Matt Damon was offered the part of Jack Bull, but he declined and appeared in THE TALENTED MR. RIPLEY instead. Damon's move caused Fox Searchlight to drop RIDE WITH THE DEVIL. The film was then picked up by Universal.
Revenge raids between the Bushwhackers and the Jayhawkers lasted for more than a decade after the Civil War ended.
"I grew up in Taiwan, where older people always complained that kids are becoming Americanized; they don't follow tradition, and so we are losing our culture. As I got the chance to go around a large part of the world with my films, I would hear the same complaints. It seems so much of the world is becoming Americanized. When I read Daniel Woodrell's book WOE TO LIVE ON, which we based RIDE WITH THE DEVIL on, I realized that the American Civil War was, in a way, where it all started. It was where the Yankees won not only territory but, in a sense, a victory for a whole way of life and thinking."--Ang Lee, in an interview at the RIDE WITH THE DEVIL Web site.

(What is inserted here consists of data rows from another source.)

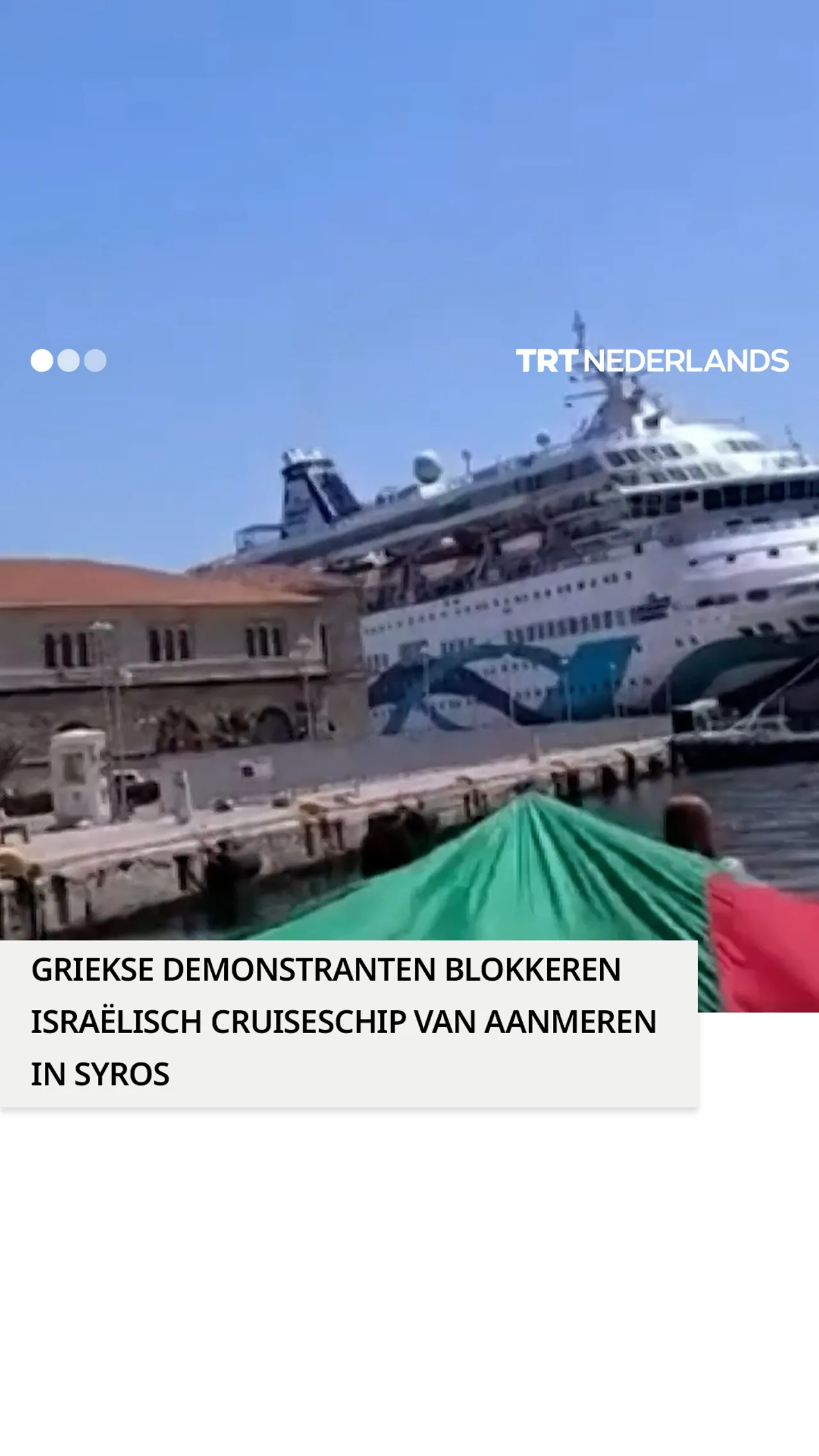 Griekse demonstranten blokkeren Israëlisch cruiseschip van aanmeren in Syros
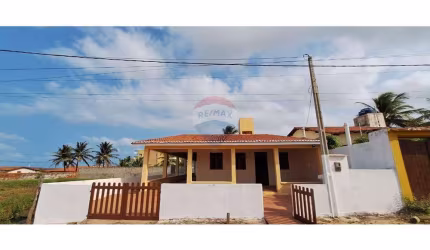 Excelente oportunidade pra compra de casa com três dormitórios em localização Previlégiada em Búzios .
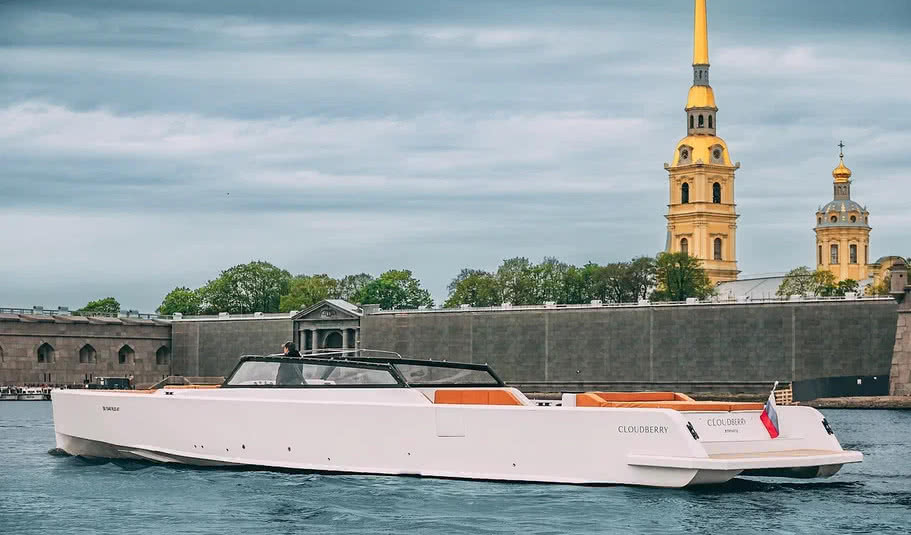Аренда катера «Cloudberry» – аренда катера в СПб от 25000 рублей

"When we were making SENSE AND SENSIBILITY, there was a moment when Ang turned to me and said, 'You know, some day I'd like to make a movie with characters who have dirty fingernails.' And there are lots of those in Daniel's book."--James Schamus, in an interview at the RIDE WITH THE DEVIL Web site.
"A studio executive told us, I'm not spending millions of dollars on a movie with 'woe' in the title.' So, reflecting the different needs of the medium, the novel WOE TO LIVE ON became the movie RIDE WITH THE DEVIL."--Ted Hope, in an interview at the RIDE WITH THE DEVIL Web site.